Since DSL has no information about whitespace or where the anonymous tokens were in the token stream when synthesizing code from the AST, it makes use of the anonymous tokens to figure out which named element (token or rule) slots correspond with which fields in the AST node. The formatter for entry is '%s: %s'. It has two named elements corresponding to the STRING token and the value rule. A JSON entry that looks like
"list" : [1, 2, 3]
will be formatted as:
"list": [1, 2, 3]
with the ':' shifted up next to the entry name.
For a complete example, let's look at the following JSON input:
{
"list" : [1, 2, 3],
"vec3" : {
"x": 1, "y": 0, "z": 0.5
}
}
The AST looks like:
{
rule = "object",
[1] = {
rule = "entry",
[1] = {
token = "STRING",
[1] = "\"list\"",
},
[2] = {
rule = "array",
[1] = {
token = "NUMBER",
[1] = "1",
},
[2] = {
token = "NUMBER",
[1] = "2",
},
[3] = {
token = "NUMBER",
[1] = "3",
},
},
},
... etc.
},
With the formatters from above applied, the JSON code synthesized from the AST looks like:
{
"list": [1, 2, 3],
"vec3": {
"x": 1,
"y": 0,
"z": 0.5
}
}
Notice that each entry is indented to the same level. This is due to the entry elements in the object formatter being indented one tab over. The "vec3" entry in this JSON object runs across multiple lines because it is itself an object. When DSL formats an element for a template, it looks at how much leading whitespace comes before the '%s' symbol indicating an element location and indents the entire element string that amount even if it runs over multiple lines.
For rules with a repeated pattern of elements, the ^N notation found in LPEG applies equally to DSL. With ^0 indicating 0 or more repetitions, ^-N at most N repetitions, and ^N N or more repetitions. The array formatter looks like "[(%s(, %s)^0)^-1]". It has 0 or more strings of ", %s" and at most one repetition of "%s(, %s)^0". Note that the '(' and ')' characters are special formatting characters for grouping substrings for repetition. In order to use the these characters for anonymous token markers, they must be escaped with the '%' similar to escaping character in the Lua string functions. For example, a formatter for a function call might look like:
"%s%( (%s(, %s)^0)^-1 %)"
which can produce results like:
name( arg1, arg2 )
Since DSL tries not to make any assumptions about language structure, some seemingly standard language features aren't automatic.
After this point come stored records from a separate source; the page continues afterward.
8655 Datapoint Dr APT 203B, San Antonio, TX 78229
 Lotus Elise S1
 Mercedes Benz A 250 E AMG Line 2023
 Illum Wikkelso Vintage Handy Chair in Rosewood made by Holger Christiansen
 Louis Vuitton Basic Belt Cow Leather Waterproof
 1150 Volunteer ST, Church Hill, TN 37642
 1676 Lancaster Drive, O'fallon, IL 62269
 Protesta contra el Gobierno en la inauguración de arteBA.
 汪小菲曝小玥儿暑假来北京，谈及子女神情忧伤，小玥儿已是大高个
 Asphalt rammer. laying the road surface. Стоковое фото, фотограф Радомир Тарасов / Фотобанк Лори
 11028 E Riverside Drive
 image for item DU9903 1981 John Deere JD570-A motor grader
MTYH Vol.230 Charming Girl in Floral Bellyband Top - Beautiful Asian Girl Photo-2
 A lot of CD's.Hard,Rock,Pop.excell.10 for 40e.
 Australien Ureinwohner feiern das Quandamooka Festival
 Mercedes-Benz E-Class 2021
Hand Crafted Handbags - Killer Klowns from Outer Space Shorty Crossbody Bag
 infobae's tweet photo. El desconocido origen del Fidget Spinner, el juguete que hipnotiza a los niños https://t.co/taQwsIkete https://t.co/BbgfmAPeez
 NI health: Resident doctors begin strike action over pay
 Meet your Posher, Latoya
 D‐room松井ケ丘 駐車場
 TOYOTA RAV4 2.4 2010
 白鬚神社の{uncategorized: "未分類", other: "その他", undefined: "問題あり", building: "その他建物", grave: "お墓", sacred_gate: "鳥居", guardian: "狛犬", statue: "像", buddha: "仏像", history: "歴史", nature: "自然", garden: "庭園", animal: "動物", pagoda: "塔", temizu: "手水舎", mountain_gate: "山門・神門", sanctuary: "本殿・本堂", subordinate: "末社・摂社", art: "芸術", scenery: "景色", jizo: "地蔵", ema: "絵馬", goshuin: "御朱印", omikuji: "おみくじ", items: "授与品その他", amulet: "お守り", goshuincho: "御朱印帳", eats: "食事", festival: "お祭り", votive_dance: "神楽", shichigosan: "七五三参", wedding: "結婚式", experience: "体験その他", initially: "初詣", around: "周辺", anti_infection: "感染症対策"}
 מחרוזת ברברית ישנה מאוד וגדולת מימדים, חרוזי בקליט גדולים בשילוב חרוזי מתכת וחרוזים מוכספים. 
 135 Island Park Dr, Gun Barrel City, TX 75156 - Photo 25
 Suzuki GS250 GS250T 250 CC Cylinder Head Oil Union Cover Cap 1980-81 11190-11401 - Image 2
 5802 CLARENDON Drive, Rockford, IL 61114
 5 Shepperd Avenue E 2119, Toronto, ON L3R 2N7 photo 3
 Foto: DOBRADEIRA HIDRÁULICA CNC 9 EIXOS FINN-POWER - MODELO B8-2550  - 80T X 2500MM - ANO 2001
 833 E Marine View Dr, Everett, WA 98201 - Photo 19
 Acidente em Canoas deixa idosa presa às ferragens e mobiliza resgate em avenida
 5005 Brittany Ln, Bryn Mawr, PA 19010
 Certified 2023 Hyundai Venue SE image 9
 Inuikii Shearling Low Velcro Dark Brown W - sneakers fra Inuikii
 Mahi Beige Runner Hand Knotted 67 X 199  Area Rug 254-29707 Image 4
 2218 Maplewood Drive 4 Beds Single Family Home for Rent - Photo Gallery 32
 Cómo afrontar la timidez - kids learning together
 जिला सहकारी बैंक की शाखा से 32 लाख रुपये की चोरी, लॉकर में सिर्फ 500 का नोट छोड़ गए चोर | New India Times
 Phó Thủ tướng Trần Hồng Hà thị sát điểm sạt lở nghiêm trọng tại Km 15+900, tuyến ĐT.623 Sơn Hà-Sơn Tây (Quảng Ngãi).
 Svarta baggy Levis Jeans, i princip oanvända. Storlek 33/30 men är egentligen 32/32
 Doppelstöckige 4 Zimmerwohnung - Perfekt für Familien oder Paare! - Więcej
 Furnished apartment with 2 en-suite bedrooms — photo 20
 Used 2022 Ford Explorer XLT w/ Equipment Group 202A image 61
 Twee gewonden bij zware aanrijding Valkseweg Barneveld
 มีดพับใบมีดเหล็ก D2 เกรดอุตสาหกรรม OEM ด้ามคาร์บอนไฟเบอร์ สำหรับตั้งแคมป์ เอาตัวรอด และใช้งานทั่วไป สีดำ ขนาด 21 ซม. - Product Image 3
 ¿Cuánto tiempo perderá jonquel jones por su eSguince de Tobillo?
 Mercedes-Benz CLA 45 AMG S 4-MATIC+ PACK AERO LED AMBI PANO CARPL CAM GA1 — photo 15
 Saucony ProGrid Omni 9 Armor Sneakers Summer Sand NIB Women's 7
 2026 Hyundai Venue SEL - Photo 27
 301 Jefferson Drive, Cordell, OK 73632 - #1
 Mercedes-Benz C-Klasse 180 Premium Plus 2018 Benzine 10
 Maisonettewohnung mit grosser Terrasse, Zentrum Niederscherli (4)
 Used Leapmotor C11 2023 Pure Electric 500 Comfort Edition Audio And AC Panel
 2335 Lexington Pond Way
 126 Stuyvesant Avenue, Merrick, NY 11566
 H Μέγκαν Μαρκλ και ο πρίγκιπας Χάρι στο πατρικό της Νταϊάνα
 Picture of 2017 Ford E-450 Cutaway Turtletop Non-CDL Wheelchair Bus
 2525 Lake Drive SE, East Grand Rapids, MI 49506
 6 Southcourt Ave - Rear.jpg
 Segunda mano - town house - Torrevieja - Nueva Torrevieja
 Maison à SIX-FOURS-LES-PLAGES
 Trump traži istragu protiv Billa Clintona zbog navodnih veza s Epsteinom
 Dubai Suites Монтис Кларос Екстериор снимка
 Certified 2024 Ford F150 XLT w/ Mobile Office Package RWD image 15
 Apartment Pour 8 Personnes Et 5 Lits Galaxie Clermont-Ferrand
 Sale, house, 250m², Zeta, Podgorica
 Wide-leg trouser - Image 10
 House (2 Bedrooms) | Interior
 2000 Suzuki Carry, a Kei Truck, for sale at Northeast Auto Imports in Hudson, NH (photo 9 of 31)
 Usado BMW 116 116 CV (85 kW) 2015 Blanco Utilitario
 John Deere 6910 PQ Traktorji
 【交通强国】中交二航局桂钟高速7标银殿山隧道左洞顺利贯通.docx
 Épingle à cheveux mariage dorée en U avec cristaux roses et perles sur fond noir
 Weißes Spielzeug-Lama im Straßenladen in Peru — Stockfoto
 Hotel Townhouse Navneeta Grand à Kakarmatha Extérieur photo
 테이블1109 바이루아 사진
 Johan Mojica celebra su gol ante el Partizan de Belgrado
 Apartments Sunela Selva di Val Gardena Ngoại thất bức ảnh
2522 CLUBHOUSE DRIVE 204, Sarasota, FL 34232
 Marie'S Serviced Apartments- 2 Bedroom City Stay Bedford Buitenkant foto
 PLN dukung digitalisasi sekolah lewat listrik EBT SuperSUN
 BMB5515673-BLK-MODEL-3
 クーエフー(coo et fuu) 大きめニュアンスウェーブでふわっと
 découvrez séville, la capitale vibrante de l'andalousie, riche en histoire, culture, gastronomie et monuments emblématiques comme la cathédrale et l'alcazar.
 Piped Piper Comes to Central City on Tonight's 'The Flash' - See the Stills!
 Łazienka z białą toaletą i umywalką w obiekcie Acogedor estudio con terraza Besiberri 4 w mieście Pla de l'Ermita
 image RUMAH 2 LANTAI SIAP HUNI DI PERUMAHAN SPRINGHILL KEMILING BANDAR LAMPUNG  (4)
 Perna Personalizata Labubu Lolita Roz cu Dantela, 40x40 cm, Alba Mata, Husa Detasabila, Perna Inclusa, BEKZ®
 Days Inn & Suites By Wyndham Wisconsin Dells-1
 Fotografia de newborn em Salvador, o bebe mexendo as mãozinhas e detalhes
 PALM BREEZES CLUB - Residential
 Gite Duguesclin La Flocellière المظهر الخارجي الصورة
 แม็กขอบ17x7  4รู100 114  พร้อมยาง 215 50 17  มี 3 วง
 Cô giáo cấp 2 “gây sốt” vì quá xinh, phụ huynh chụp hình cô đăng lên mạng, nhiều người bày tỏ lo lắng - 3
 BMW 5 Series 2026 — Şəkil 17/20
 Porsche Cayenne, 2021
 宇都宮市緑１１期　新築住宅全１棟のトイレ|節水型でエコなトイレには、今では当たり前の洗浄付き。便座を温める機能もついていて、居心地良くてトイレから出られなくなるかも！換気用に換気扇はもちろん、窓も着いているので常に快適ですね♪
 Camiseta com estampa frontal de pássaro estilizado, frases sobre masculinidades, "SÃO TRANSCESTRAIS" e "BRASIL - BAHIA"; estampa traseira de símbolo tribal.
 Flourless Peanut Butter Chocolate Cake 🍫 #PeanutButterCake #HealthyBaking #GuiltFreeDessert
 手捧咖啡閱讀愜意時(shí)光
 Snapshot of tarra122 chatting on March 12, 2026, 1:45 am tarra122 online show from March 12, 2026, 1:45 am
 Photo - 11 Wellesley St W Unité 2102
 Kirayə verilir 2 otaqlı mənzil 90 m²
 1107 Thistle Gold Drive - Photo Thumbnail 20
For example, most languages use the syntax "( expression )" to demarcate a subexpression within a larger expression in order to express precedence. To implement this syntax in DSL, a rule describing it has to be inserted into the chain of operators. The terminal rule of an operator precedence chain is values and the root rule is expression. The parenthesis syntax could therefore be written as:
subexpression = T"(" * expression * T")" + values
Inserting the subexpression rule as the first in the list of operators will ensure that it has the highest priority and has the canonical behavior.
DSL uses proxies to manipulate LPEG. Since Lua 5.1 doesn't support metamethods for the # operator on tables, the LPEG operator #patt, will not work in DSL. Instead, use the function Ignore, which is functionally equivalent.